La Corte di Cassazione a Sezioni Unite, con sentenza 12 marzo 2013, n. 6070 si è anche espressa nel senso che:
“Il legislatore del codice civile, anche in occasione della già ricordata riforma del diritto societario, si è preoccupato espressamente soltanto di disciplinare la sorte dei debiti sociali rimasti insoddisfatti
dopo la cancellazione della società dal registro.
Il citato art. 2495, comma 2, (riprendendo, peraltro, quanto già stabiliva in proposito il previgente art. 2456, comma 2) stabilisce, a tal riguardo, che i creditori possono agire nei confronti dei soci della dissolta società di capitali sino alla concorrenza di quanto questi ultimi abbiano riscosso in base al bilancio finale di liquidazione. E’ prevista, inoltre, anche la possibilità di agire (deve intendersi, però, per risarcimento dei danni) nei confronti del liquidatore, se il mancato pagamento del debito sociale è dipeso da colpa di costui.”
“………. quando il debitore è un ente collettivo, non v’è ragione per ritenere che la sua estinzione ……… non dia ugualmente luogo ad un fenomeno di tipo successorio, sia pure sui generis, che coinvolge i soci ed è variamente disciplinato dalla legge a seconda del diverso regime di responsabilità da cui, pendente societate, erano caratterizzati i pregressi rapporti sociali.
Nessun ingiustificato pregiudizio viene arrecato alle ragioni dei creditori, del resto, per il fatto che i soci di società di capitali rispondono solo nei limiti dell’attivo loro distribuito all’esito della
liquidazione. Infatti, se la società è stata cancellata senza distribuzione di attivo, ciò evidentemente vuoi dire che vi sarebbe stata comunque incapienza del patrimonio sociale rispetto ai crediti da soddisfare. D’altro canto, alla tesi – pure in sè certamente plausibile – che limita il descritto meccanismo successorio all’ipotesi in cui i soci di società di capitali (o il socio accomandante della società in accomandita semplice) abbiano goduto di un qualche riparto in base al bilancio finale di liquidazione, ravvisandovi una condizione da cui dipenderebbe la possibilità di proseguire nei confronti di detti soci l’azione originariamente intrapresa dal creditore sociale verso la società (tesi propugnata da Cass. 16 maggio 2012, nn. 7676 e 7679, nonchè da Cass. 9 novembre 2012, n. 19453), sembra da preferire quella che individua invece sempre nei soci coloro che son destinati a succedere nei rapporti debitori già facenti capo alla società cancellata ma non definiti all’esito della liquidazione (anche, come si dirà, ai fini processuali), fermo però restando il loro diritto di opporre al creditore agente il limite di responsabilità cui s’è fatto cenno.”

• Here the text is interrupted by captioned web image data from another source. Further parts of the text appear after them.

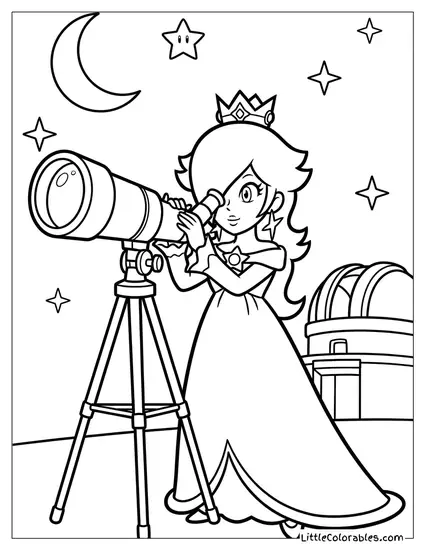 Rosalina Looking Through A Telescope Coloring Page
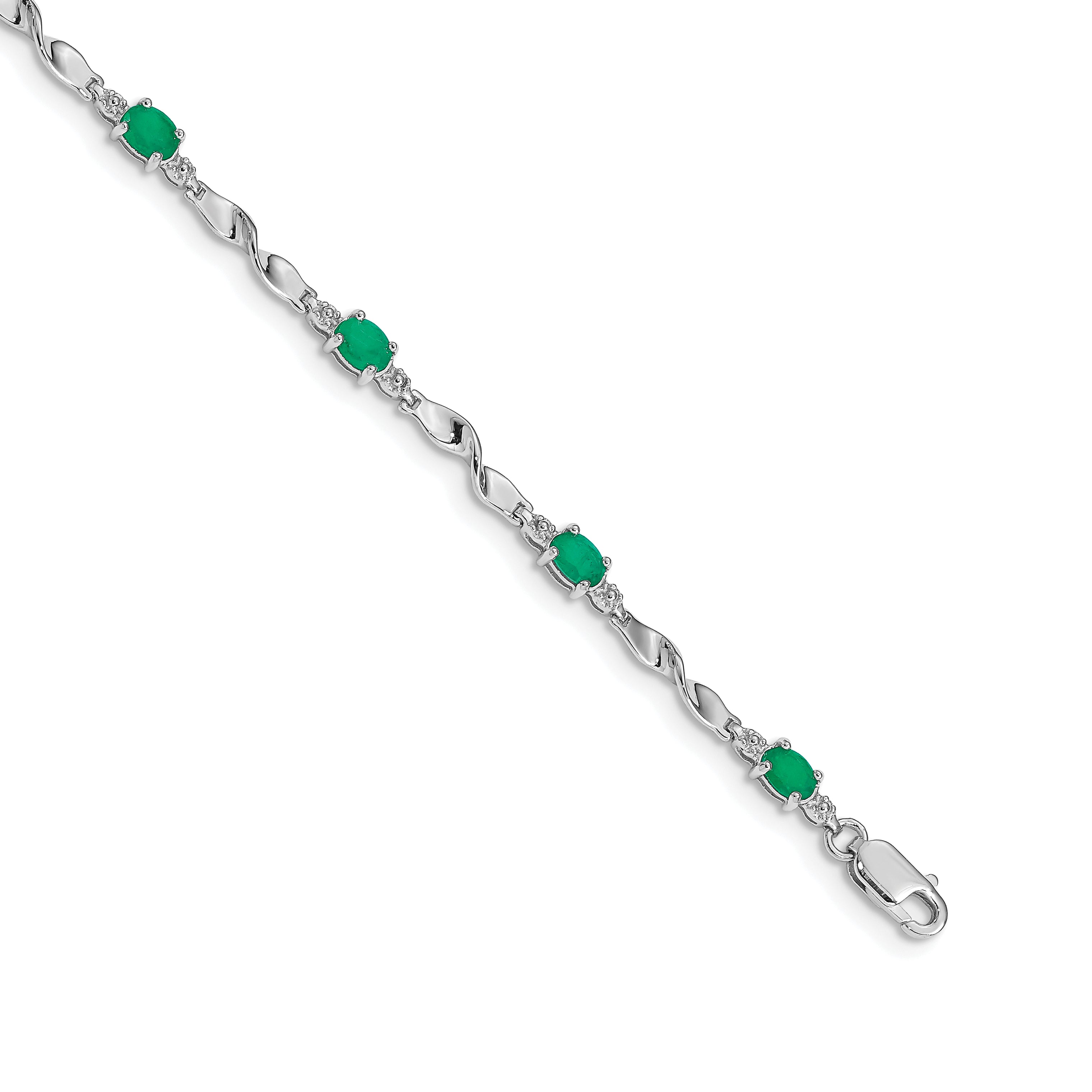 14k White Gold Complete Diamond and Oval Emerald Twisted Link 7 inch Bracelet BM4475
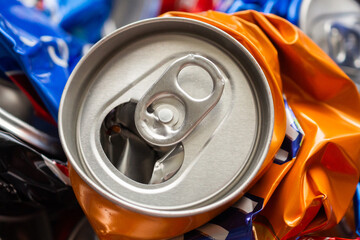 recycle aluminum metal crushed can waste background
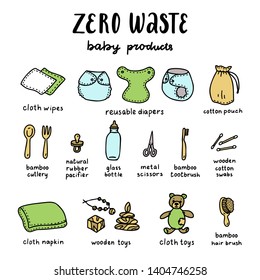 Zero waste. Baby products set. Vector illustration.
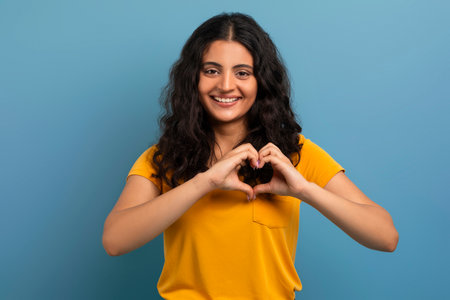 Cute young indian woman showing heart gestureの写真素材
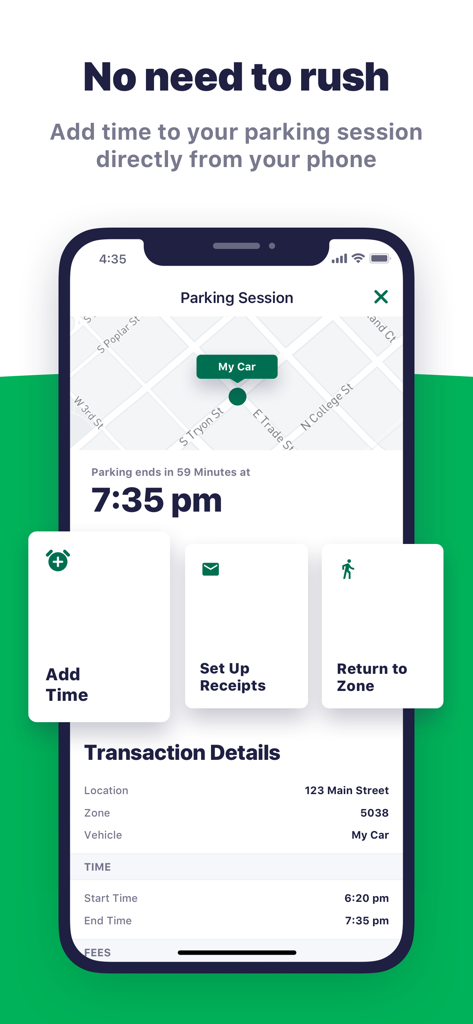 Green P - Interface of the Green P app displaying an active parking session with the option to remotely add time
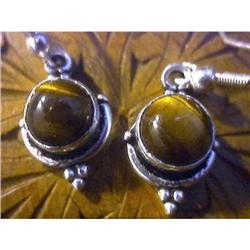 STERLING SILVER Estate RARE TIGER EYE Earrings #1493425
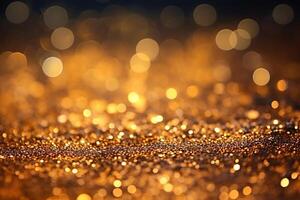 Abstract gold glitter bokeh texture background. AI Generated photo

L’estinzione della società con la conseguenza del venir meno di tutti i rapporti giuridici in capo alla stessa determina, quindi, un fenomeno successorio di tali rapporti giuridici, secondo cui le obbligazioni, ivi incluse quelle tributarie, si trasferiscono ai soci, i quali ne rispondono a seconda del regime di responsabilità a cui erano sottoposti quando la società non era ancora estinta
- nei limiti di quanto riscosso a seguito della liquidazione nel caso di società di capitali
- illimitatamente nel caso di società di persone.
Tutto questo per i debiti “non tributari” , invece ai “fini tributari” nonostante la cancellazione della società, con l’introduzione nel nostro ordinamento dell’art. 28, comma 4, del D.lgs. n. 175/2014, l’estinzione di questa resta sospesa per 5 anni.

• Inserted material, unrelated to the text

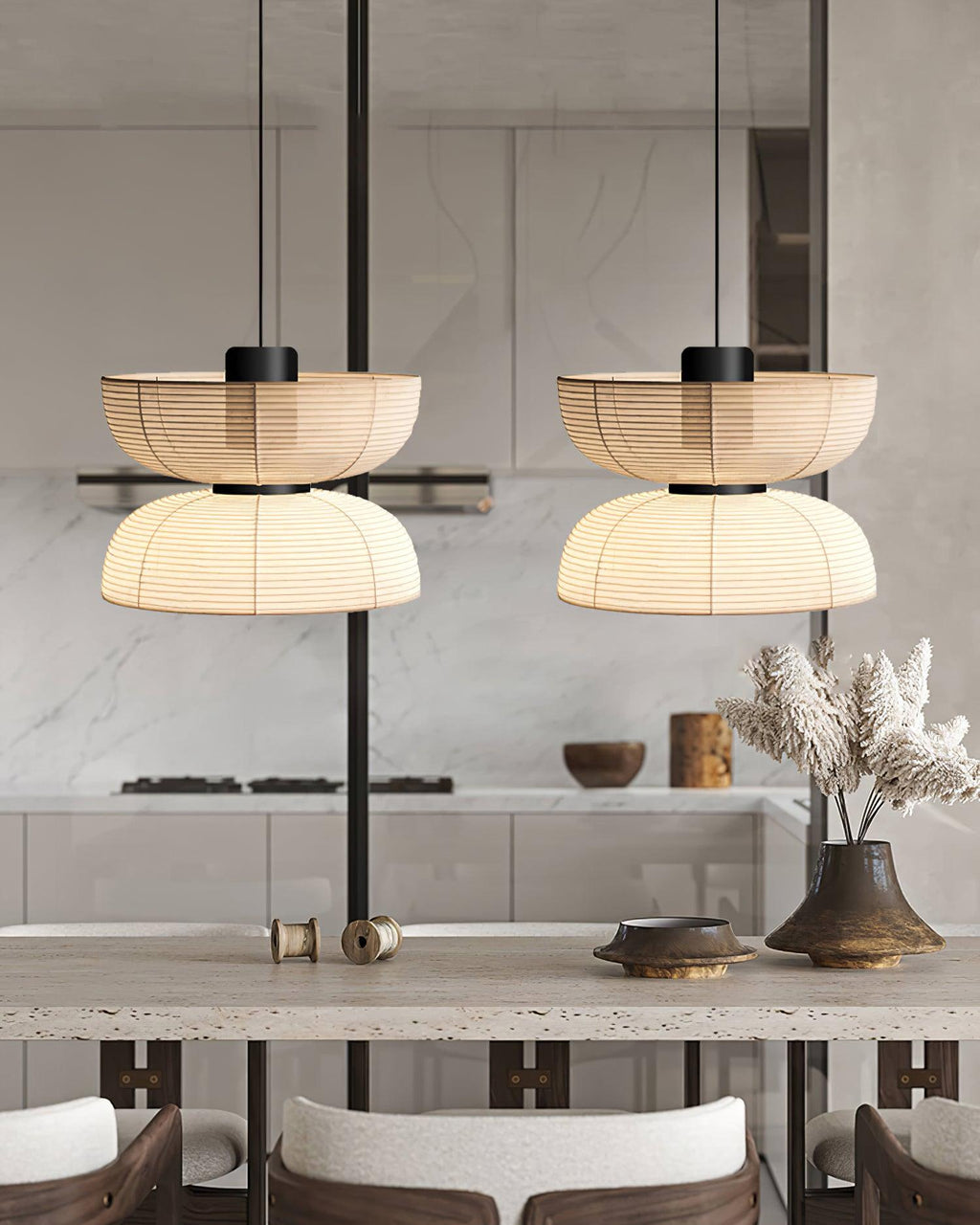 Pendant Lamp White Fabric Shade Black Cable Gentle Ambient Glow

Quindi, fino a 5 anni dopo la cancellazione della società, l’Agenzia delle Entrate può proseguire le proprie azioni per il recupero dei tributi e dei contributi, nonché delle sanzioni e degli interessi, indirizzando nei suoi confronti:
- atti di liquidazione;
- avvisi accertamento;
- provvedimenti di riscossione;
- atti di contenzioso.
Come evidenziato in precedenza, dopo la cancellazione della società dal Registro delle imprese, ai fini civilistici questa si estingue ed essendosi già svuotata del proprio patrimonio il Fisco incontrerà difficoltà a soddisfare le proprie pretese.
A questo punto
- soci
- amministratori
- liquidatori
potrebbero essere coinvolti e danneggiati dalle azioni infruttuose compiute dal Fisco contro la società oramai estinta e rimasta inerte.

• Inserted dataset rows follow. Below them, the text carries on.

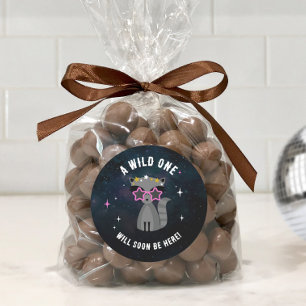 Kosmische wasbeer wild een roze meisje Baby shower Ronde Sticker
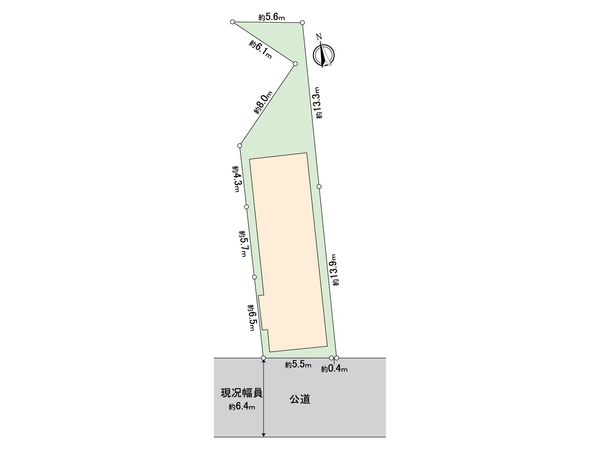 幸区南加瀬2丁目(古家付き土地) 区画図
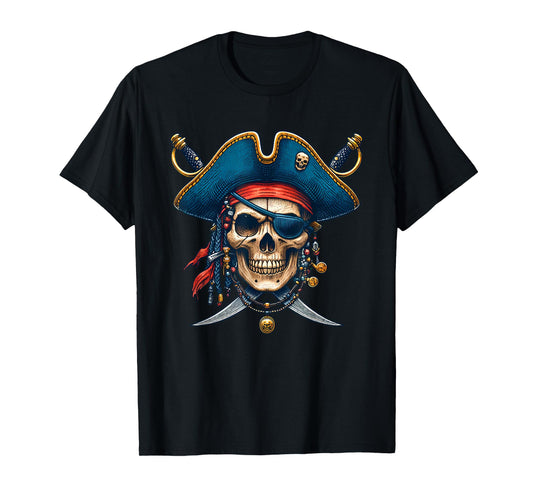 Pirate Skull Halloween Costume Men Women Boys Girls Teens T-Shirt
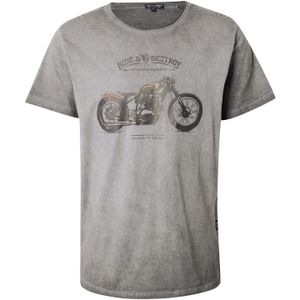 Key Largo - DESTROY - T-shirt - Cognac/Grijs/Antraciet - Jersey, Ronde Hals, Motiefprint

In merito a questi soggetti l’art. 36 (Responsabilita’ ed obblighi degli amministratori, dei liquidatori e dei soci) del D.P.R. n. 602/1973 stabilisce:
“I liquidatori dei soggetti all’imposta sul reddito delle persone giuridiche che non adempiono all’obbligo di pagare, con le attivita’ della liquidazione, le imposte dovute per il periodo della liquidazione medesima e per quelli anteriori rispondono in proprio del pagamento delle imposte se non provano di aver soddisfatto i crediti tributari anteriormente all’assegnazione di beni ai soci o associati, ovvero di avere soddisfatto crediti di ordine superiore a quelli tributari. Tale responsabilita’ e’ commisurata all’importo dei crediti d’imposta che avrebbero trovato capienza in sede di graduazione dei crediti.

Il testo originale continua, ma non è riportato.